At the beginning of April, 20th Century Fox, Warner Bros., Universal Pictures and Sony Pictures agreed to launch a premium video on demand service called Home Premiere. Home Premiere will provide access to movies two months after they’ve arrived in theaters. The cost to rent each movie will be $30 for a period of two to three days. Some theaters aren’t too happy about this service because it could possibly negatively affect theater visits. AMC Entertainment and Regal Entertainment Group are just to companies that are willing to go to extremes to to combat Home Premiere.
AMC and Regal will have nothing to do with Home Premiere. In fact, the chains will not showcase any movie that will be a part of that service. Furthermore, Regal won’t play as many movie trailers from Sony Pictures, Universal Pictures, Warner Bros. or 20th Century Fox.
Regal’s methods may come off as extreme, but its arms are tied. Since the theater doesn’t know what upcoming movies will be added to the Home Premiere lineup, it will cut back on all of them just in case.

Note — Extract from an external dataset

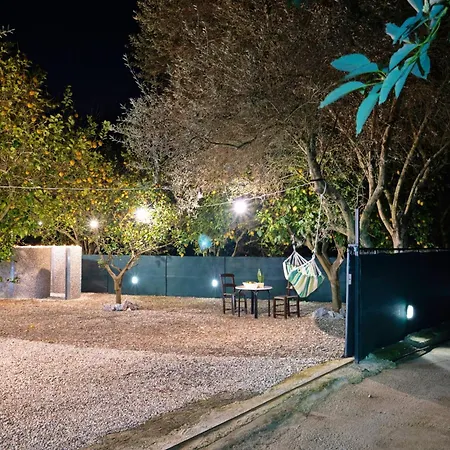 Lemon Garden Camper Holiday home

The problem is that Home Premiere can be used as an alternative to traditional movie going. Groups of people can go to one home and watch a movie before it’s available to rent or purchase. If those same people went to the theater instead, the theater could make money on tickets and concessions.
AMC and Regal must believe Home Premiere will cost it a fortune in the long run if it’s willing to blacklist certain movies. It may lose money from doing this, but at the same time, the movies they refuse to show won’t get promoted as well. AMC and Regal are two of the biggest movie theater chains in North America, so those studios could also take a significant hit from ticket loses.